Hubo una maestra de escuela, allá en el sector fronterizo, en el norte de Santa Bárbara, en la comunidad de “El Oro” de gran dedicación al magisterio.
Siempre conmemoraba las festividades.
Los sábados, en la hora cívica, preparaba a sus alumnos con poesías alusivas de su inspiración, pequeños discursos emergidos de su corazón, haciendo de aquellos sábados de patriotismo, colmados, hacia la nación.
Los 30 de mayo los hacía activos: sembrando árboles donde había que reforestar, y es que había leído por muchas veces “¡El almendro del patio”, de Alfonso Guillén Zelaya; había enseñado a los niños el canto “Al rumor de las selvas hondureñas”.

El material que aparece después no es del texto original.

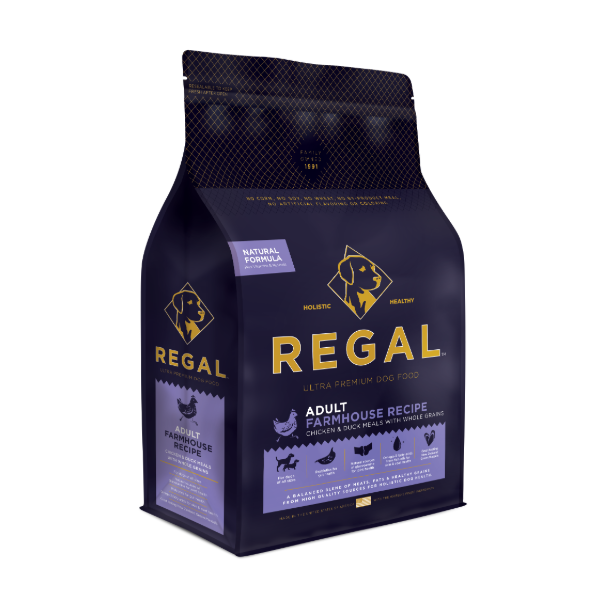 Image of Regal Adult Farmhouse Recipe Pollo: 11,8 kg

María Josefa Mejía de Ardón no era una maestra cualquiera, una docente con multigrados. Asistía a reuniones de directores, recorriendo, cada mes, a pie 19 kilómetros hasta Macuelizo. La Juan Lindo, nombre de su escuela, limpia y adornada todo el tiempo, semejaba un nacimiento.
Altares cívicos. Plan anual, horarios, calendarios, hasta para la elaboración de merienda, planes de clase, libros del registro escolar.
Todo bien ordenado y actualizado. La profesora María se entregó con amor al ejercicio de la docencia toda su vida. Sus exalumnos la recuerdan con nostalgia; quienes fuimos sus compañeros, con sinceridad y cariño.
Los anales en Nueva Frontera recogieron en las páginas de la memoria parte de la vida de María Josefa, la docente. Como un ejemplo al gremio magisterial, les he narrado la verdadera vocación de una maestra, sin título, que, en vida tuvo excelente desempeño como educadora, en una escuela rural, allá, en la sierra Espíritu Santo, del occidente, en Nueva Frontera.
Recuerdo haber acompañado a María Josefa a las reuniones mensuales de directores a Macuelizo, caminando sobre una gruesa alfombra de pino en época de verano y bajo las lluvias de invierno; cruzando crecidas quebradas.
Así era la vida de sacrificio de los maestros rurales.